Coming into this series, it was crucial that the Spartans play a strong defensive game as the Nittany Lions have the best offense in the nation, averaging 4.58 goals per game. Penn State certainly lived up to that standard as they drown the Spartans with ten total goals.
The so-called kryptonite that has been ailing MSU for a while now has been their inability to play a full 60-minute hockey game. Whether it’s a hot start and slow finish, or vice versa, the Spartans rarely seem to put a consistent performance together.
That was exactly the case in this weekend series. The Spartans scored first in both of the games this past weekend, defenseman Zach Osburn netted his third of the season in game one and freshman standout Taro Hirose scored his fourth in game two. After that, the Nittany Lion offense took over and left no room for a Spartans offense, who was already struggling to score, to get back into the game.
But the inconsistencies don’t stop there. The Spartans lead 2-1 in game two after 40 minutes of play. Goals by Hirose and Mason Appleton gave the Spartans an advantage. But the dominant offense of Penn State, apparent by their 97 total shots in the series, struck quickly and often, diminishing any chance of snapping Spartan the losing streak.
When an offense is struggling, like the Spartans are, one area of play that can be looked to as a get back on track can be the power play. MSU had plenty of chances with the man advantage, eight to be exact, but the fourth best penalty kill in the nation shut them down and the Spartans converted on just two of those opportunities.
On the penalty kill side of special teams for the Spartans, their last place penalty kill held their own against the nation’s 11th-ranked power play. Penn State had eight opportunities with a man advantage, but like MSU, only converted on two. Game one saw MSU kill all three of their penalties, but the Spartans allowed power play goals to Chase Berger and Dylan Richard in the second game.
On a team that relies heavily on its underclassmen, Spartan hockey fans can take solace in the fact that the young kids on this team have shown flashes of true skill. Appleton, a sophomore, recorded his team leading 9th goal and 10th assist on the season. Osburn (1G, 1A), Hirose (1,G, 2A) and Sam Saliba (1A), all sophomores or younger, recorded points as well.

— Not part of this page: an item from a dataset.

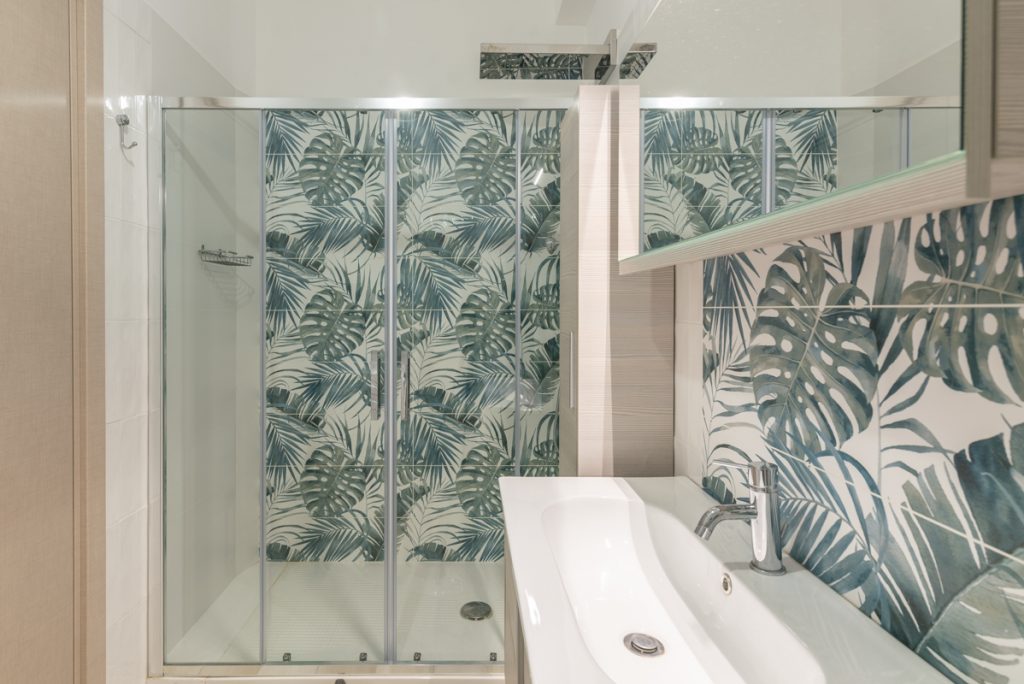 Bagno con rivestimenti in gres porcellanato con foglie di monstera.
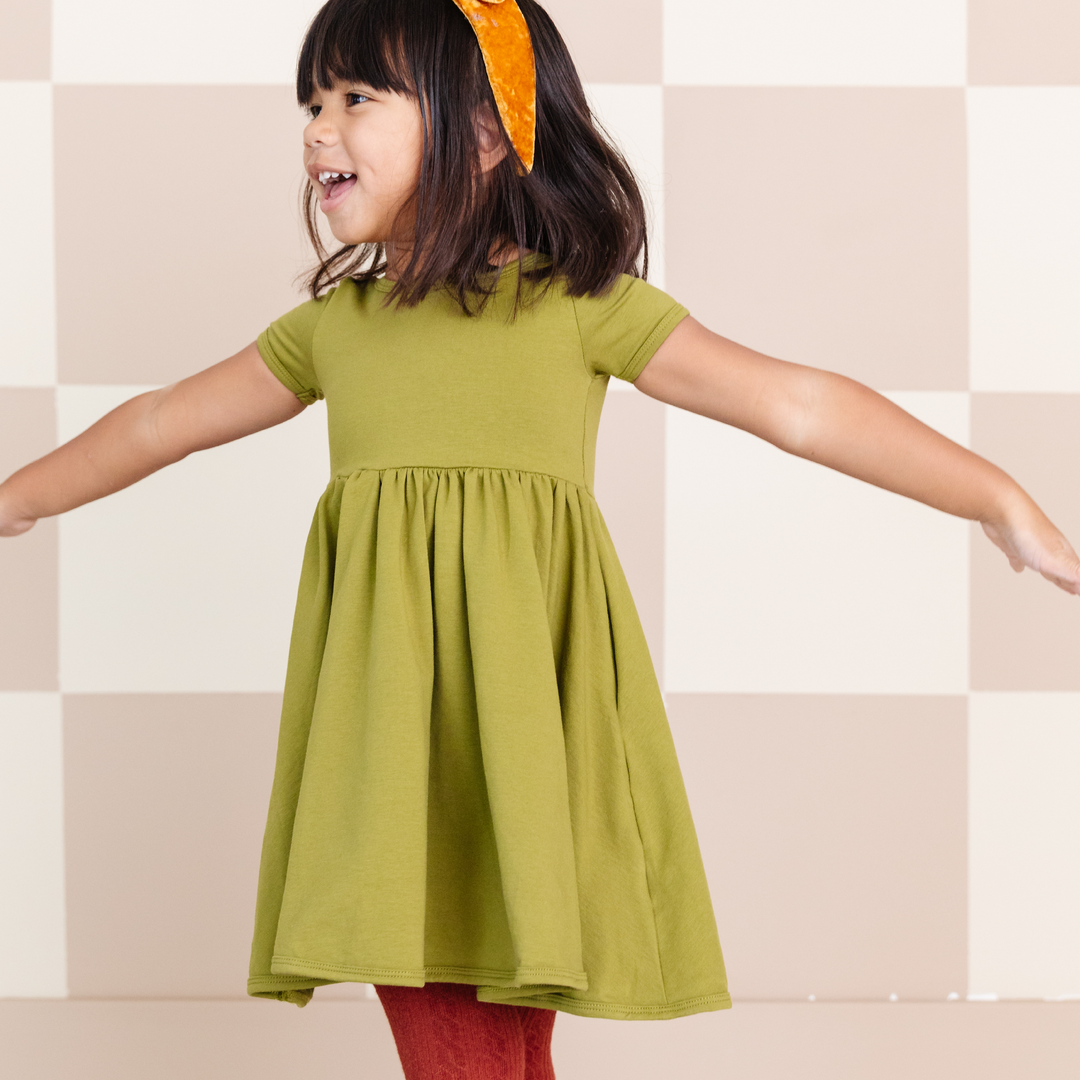 little girl wearing bright olive green cotton pocket dress and yellow velvet headband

Coming into the season, there was the possibility that with all the young talent on this team, the Spartans could take off and finally get their game back to the level of greatness that it once was. There was also the possibility that with all the college level inexperience on this team, they could fall flat on their faces. It is now obvious that the latter has come to fruition. Regardless, this team has the talent. It’s just a matter of finding the right way to make it all click.